BT has announced that it will reach its goal of giving two thirds of the UK access to fibre optic broadband a year earlier than expected – and will employ 520 engineers in its attempt to speed up the process.
BT's belated move to fibre is a welcome occurrence for Britain, bringing fast broadband to homes as the nation steadily embraces online life.
The telecoms giant explained that it is bringing forward £300 million of investment to fund the accelerated roll-out, which has been supported by the government.
Jeremy Hunt, Secretary of State for Culture, Olympics, Media and Sport said: "Superfast broadband is essential for achieving sustainable growth and it is vital that homes and businesses have access to it as soon as possible.
"BT's accelerated fibre roll-out plan is great news for the UK. With access to superfast broadband UK businesses will have the infrastructure they need to grow and develop new products and services. This investment means new jobs today, but also allows us to build the digital infrastructure we need for the jobs of tomorrow.
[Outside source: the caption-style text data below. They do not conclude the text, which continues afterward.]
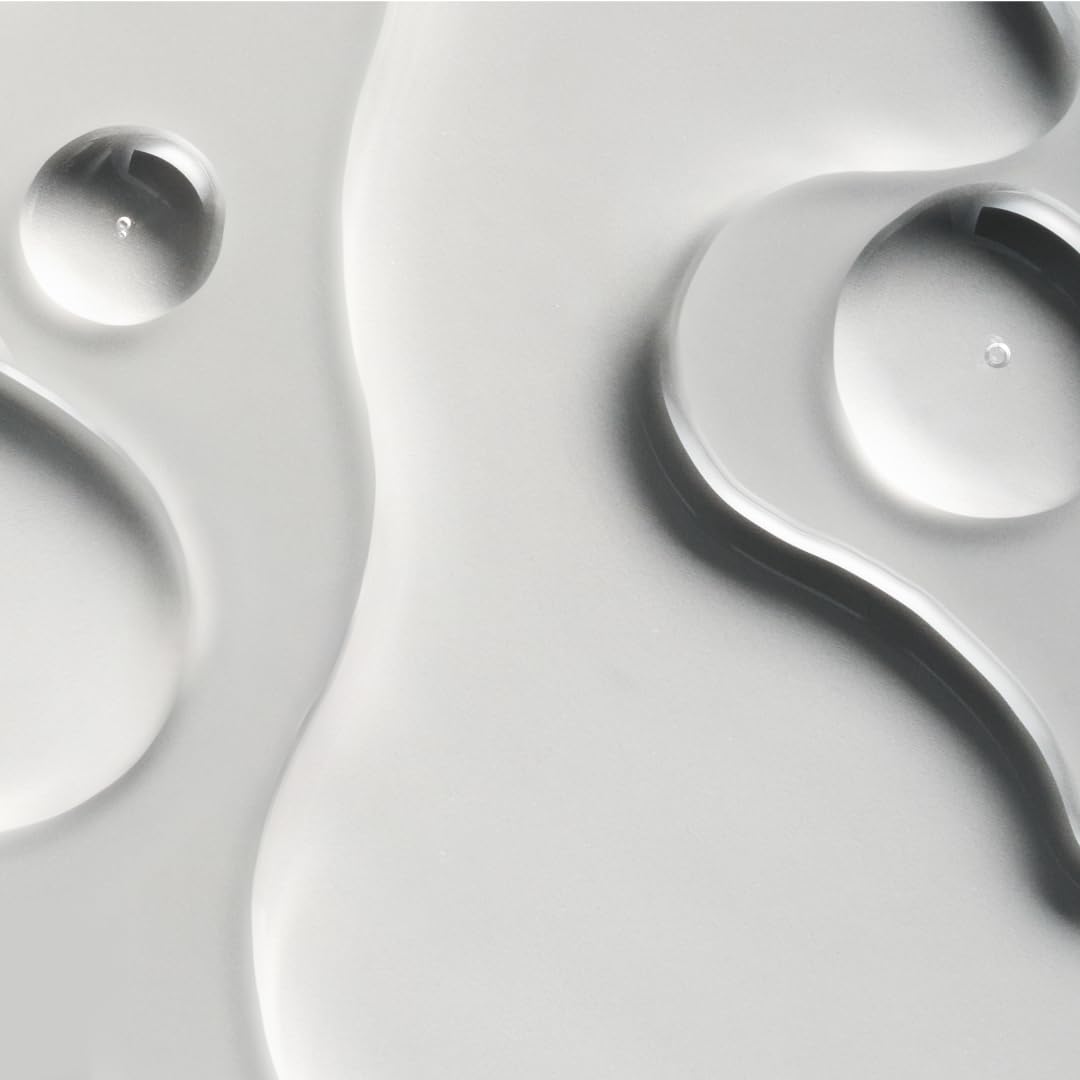 oneskin applicator releasing droplet for precise scalp targeting and reduced waste benefit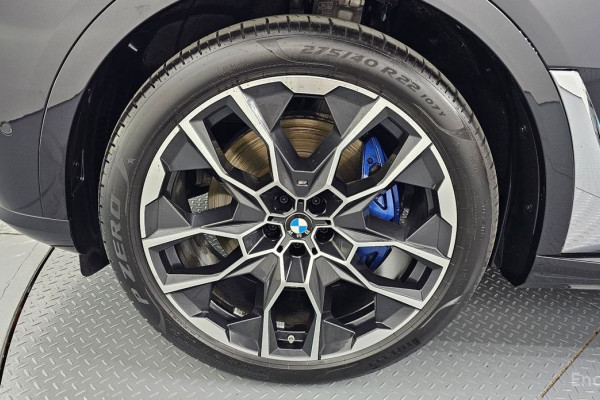 2025 BMW X7 с пробегом 15 694 км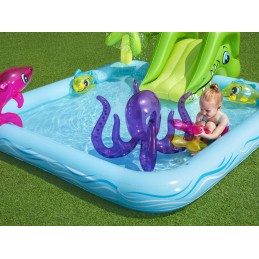 Vandens žaidimų aikštelė, baseinas vaikams, čiuožykla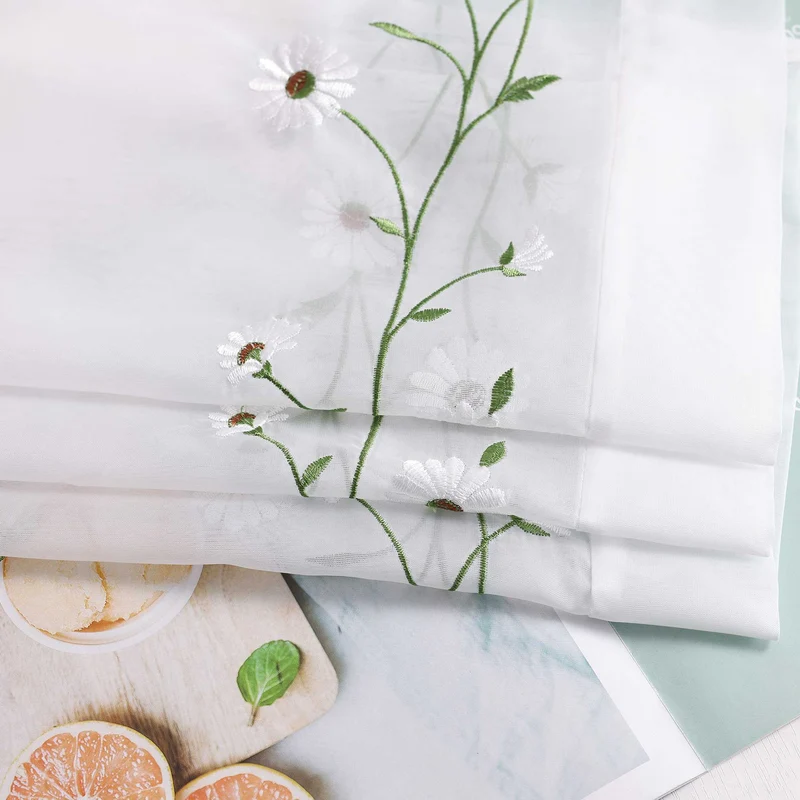Scheibengardinen Landhausstil Transparent mit kleiner Gänseblümchen-Stickerei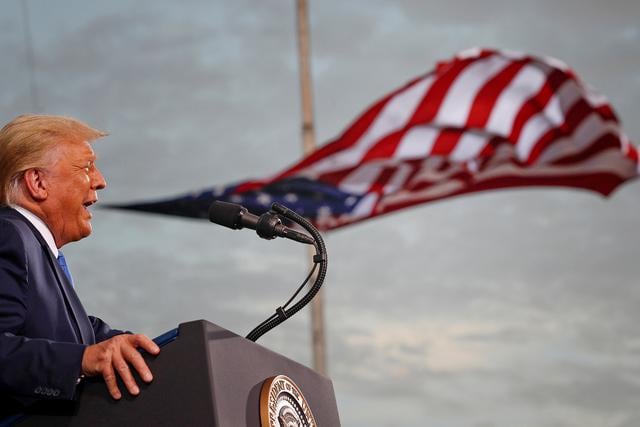 El presidente de Estados Unidos, Donald Trump, habla durante un mitin de campaña en el aeropuerto Cecil en Jacksonville, Florida. (Foto: Tom Brenner / REUTERS)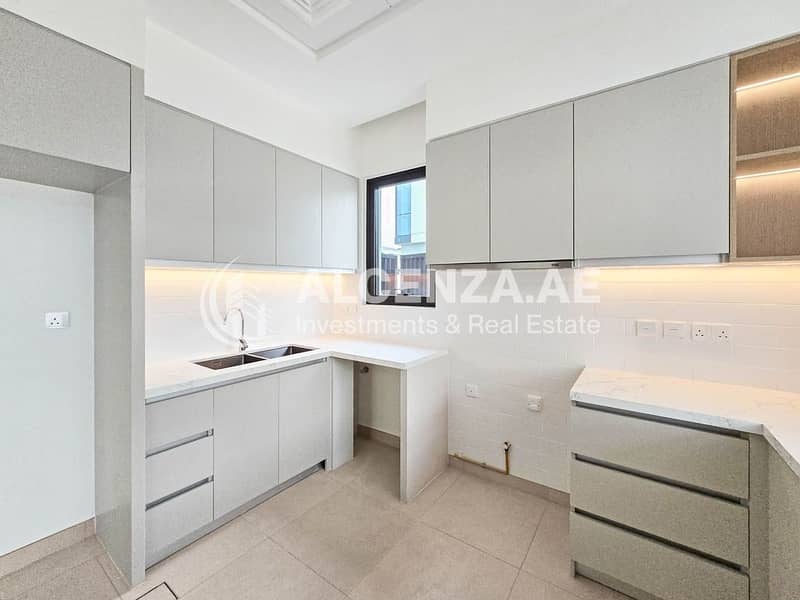 Corner Unit | Big Garden | Vacant 4BR + Maids - Image 11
"The Government is committed to ensuring the UK is leading the way in broadband provision and BT's accelerated roll-out will help make that a reality."
BT's £2.5 billion investment is well underway, with six million homes now with access to fibre broadband, ten million targeted by 2012 and two thirds of the UK two years later.
Ian Livingston, CEO of BT Group said: "Our roll-out of fibre broadband is one of the fastest in the world and so it is great to be ahead of what was an already challenging schedule.
"The acceleration reflects the success of the programme to date and is testament to the hard work and innovation of our people. We are investing when others are merely talking about it.
"Thousands of our engineers are busy installing fibre broadband across the UK at an astonishing pace.
"The recruitment of an additional five hundred engineers will help us go even faster and ensure we are ready to help supply other areas should we win BDUK funds. We are proud that most of these jobs will be filled by ex-armed forces personnel."